The Breakup of a Family
My Vermont pioneer-stock grandfather married a 16-year-old French-Canadian/Abenaki girl when he was almost 50. A family joke maintained that my grandfather paid my grandmother’s parents a good deal of money for her. I don’t know if the story was true—we never took it seriously—but this did happen early in the 20th century. Social workers’ reports of the practice led to a new legal age limit on marriage.
My grandfather’s wife was not a welcome addition to the old-line family. The fact that her parents, siblings, and various cousins were frequent visitors added fuel to the family rift. The child bride’s mother, my great-grandmother, was only 33 at the time of her daughter’s marriage, and they both gave birth in 1918, 1921, and 1924. My grandmother had six children and was widowed before her 30th birthday.

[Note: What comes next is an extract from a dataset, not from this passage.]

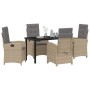 Conjunto de Comedor de Jardín 5 pcs Beige ratán sintético en Sillas de jardín | Comprar online en Foru.es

My grandmother and her family would have lent credence to the study’s theory that her racial group was inherently feeble-minded, shiftless, or worse. Most of the family were illiterate; her grandfather, father, uncles, and brothers had all been lumberjacks when there was work for them and would move frequently throughout the northeast and Canada. When it wasn’t hunting season or the lumber work was slow, they would collect ginseng or hemlock bark to sell in town. The women would take in laundry or work as servants. Almost all the men spent at least some time in jail or a mental hospital.
The young, very attractive widow didn’t grieve for long. My father told me about the abuse the children endured from their mother’s male friends who were often drunk and would become aggressive and violent. The children were neglected, so my father assumed responsiblity for his sisters and tiny brother. Within a short time, my grandmother asked the local Catholic orphanage to take care of the children for her.

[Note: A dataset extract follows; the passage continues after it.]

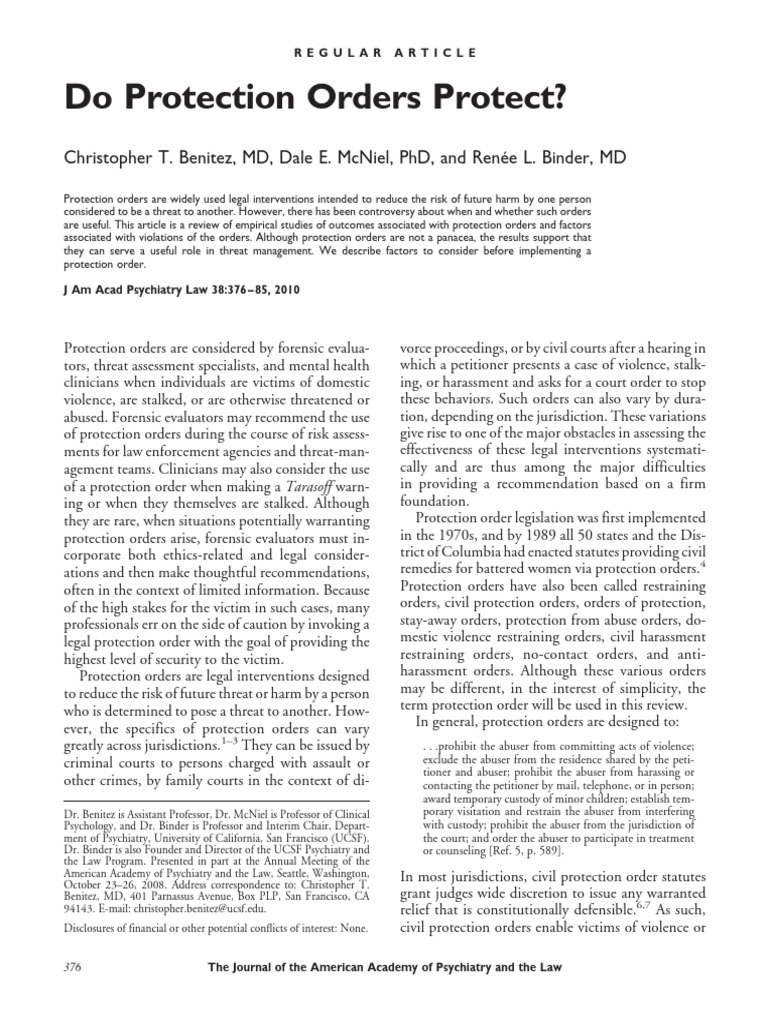 Do Protection Orders Protect? | PDF | Restraining Order | Violence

But when my grandmother remarried two years later, the children were returned to her. Her new husband was most likely French-Canadian/Abenaki. The family soon came to the attention of social workers. I have no knowledge of exactly what transpired, but any one of the incidents that have been related to me and my cousins would have been serious enough to warrant removing the children from their mother and stepfather.
The Eugenics Legacy
The separation of my father’s family from their roots and loved ones was part of the overall strategy of eugenically trained social workers. The children suffered the ills that were pervasive at the time in most institutions—overcrowding, abuse, poor sanitation—as well as the absence of much affection.
Hundreds of thousands of American children were warehoused in state institutions and labeled feebleminded, insane, and delinquent, victims of the eugenic movement early in the last century. In the effort to prevent these children, considered genetically inferior, from reproducing, more than 60,000 of them were sterilized.
By the end of World War II, the eugenics movement was all but abandoned in the United States, thanks mostly to the country’s sentiment toward the actions of Nazi Germany. Programs were disbanded. Those that remained altered their focus and dropped the term “eugenics.”
But the effects of the eugenics movement linger in family trees and throughout socieity. In 1994, it was determined that a school in Massachusetts allowed scientists to conduct research on some of its charges during the eugenics era. Students in the school’s Science Club were fed radioactive oatmeal as part of a “nutrition” study; at the time, the boys thought they were receiving special treatment—extra attention and extra food. But the most poignant testimony to the era came from a member of the club years later: “I never saw a man or woman who loved each other growing up…. I never saw family life.”